START Records supplied

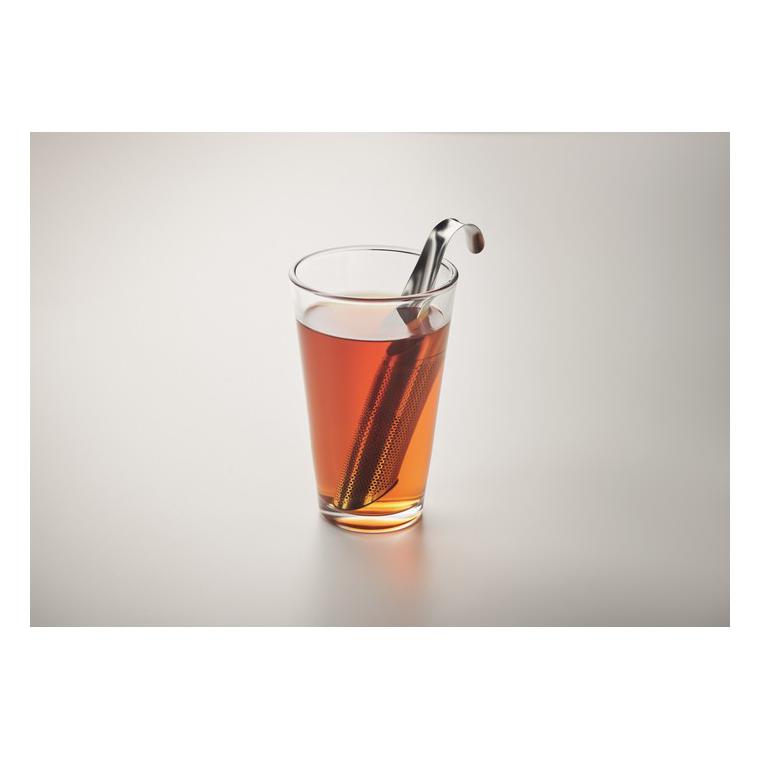 Infuzor de ceai OOLONG Argintiu mat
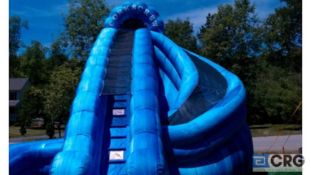 Corkscrew Water Slide Inflatable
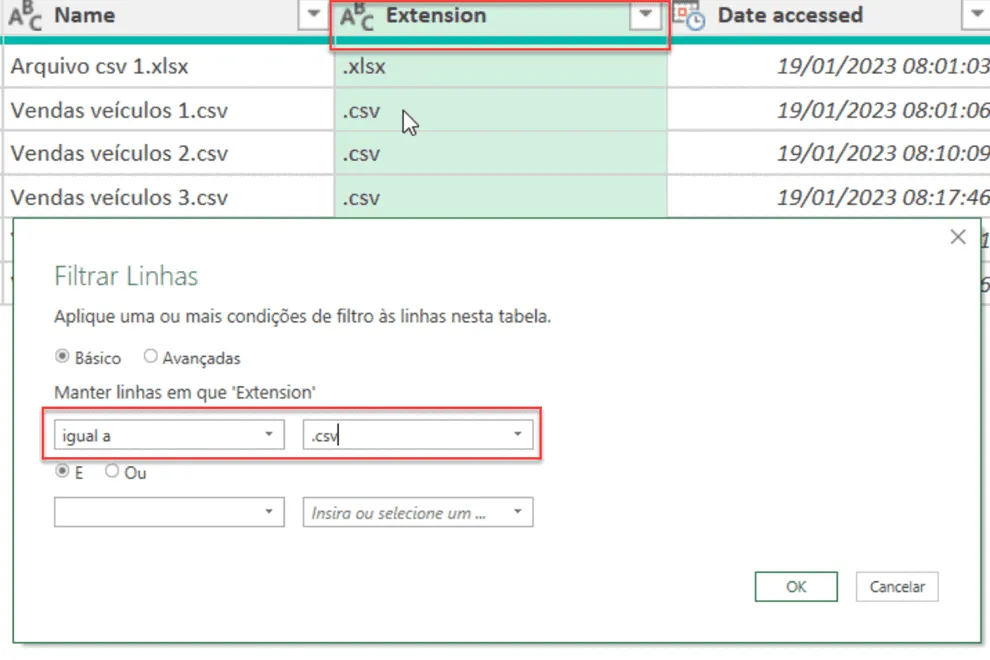 csv excel 8
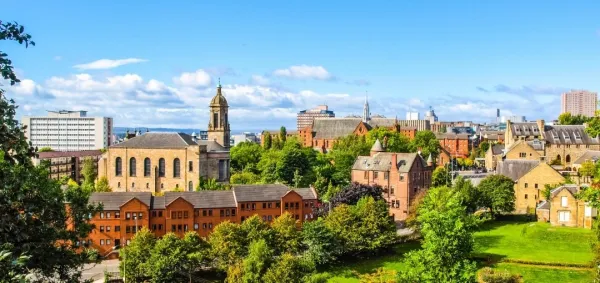 Glasgow landscape. Credits: Claudo Divizia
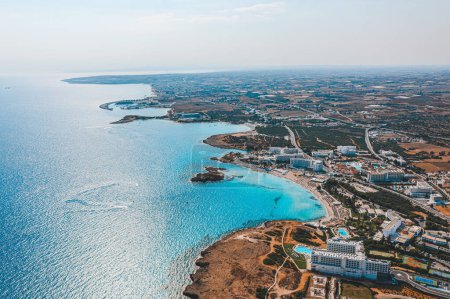 Vathia Gonia beach in Ayia Napa, Cyprus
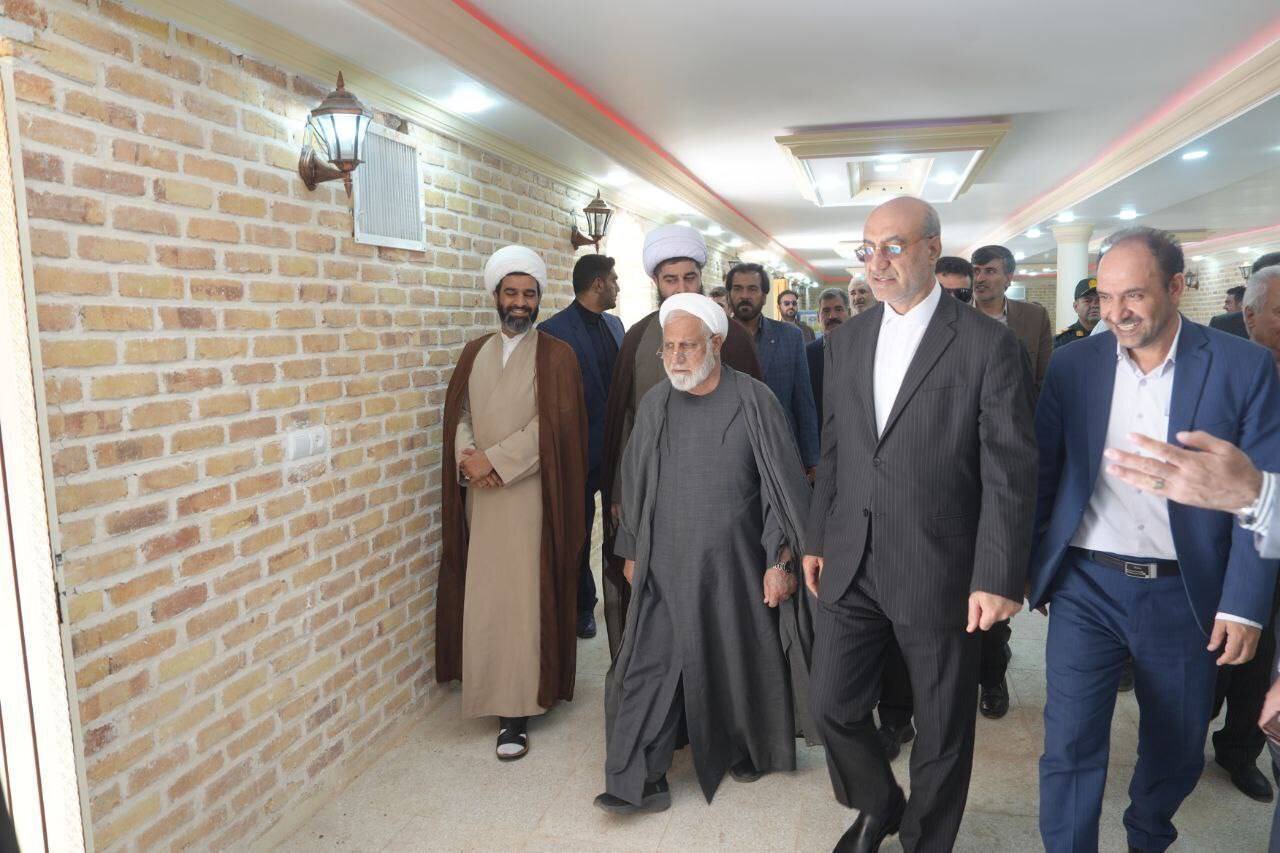  پایش میدانی پروژه‌های گردشگری روستای نجوبران شهرستان هرسین با حضور احمدی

END Records supplied

- What is expected:
Give back every entry word for word, and drop the pictures as you go.

- Task solution:
 Infuzor de ceai OOLONG Argintiu mat
 Corkscrew Water Slide Inflatable
 csv excel 8
 Glasgow landscape. Credits: Claudo Divizia
 Vathia Gonia beach in Ayia Napa, Cyprus
  پایش میدانی پروژه‌های گردشگری روستای نجوبران شهرستان هرسین با حضور احمدی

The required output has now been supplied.